═══ RECORDS FOR THE TASK ═══

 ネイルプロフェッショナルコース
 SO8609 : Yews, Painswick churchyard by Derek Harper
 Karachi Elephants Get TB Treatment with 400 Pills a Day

═══
═══ RECORDS FOR THE TASK ═══

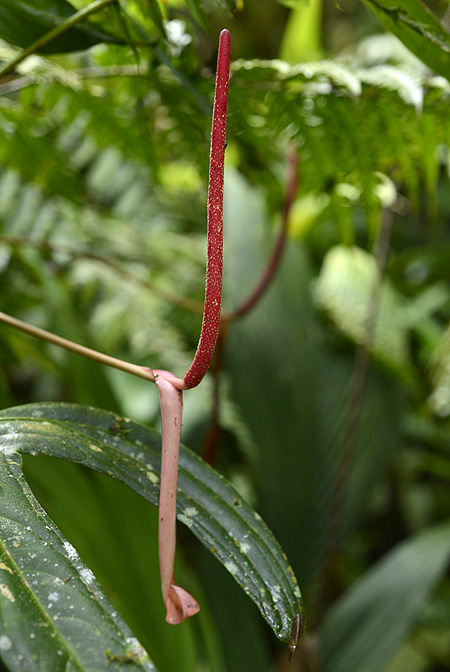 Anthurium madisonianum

═══

INSTRUCTIONS TO FOLLOW = Will you return exactly the lines above from the one with "ネイルプロフェッショナルコース" down to the one with "Karachi Elephants Get", counting both as part of the range?

COMPLETED EXERCISE =
 ネイルプロフェッショナルコース
 SO8609 : Yews, Painswick churchyard by Derek Harper
 Karachi Elephants Get TB Treatment with 400 Pills a Day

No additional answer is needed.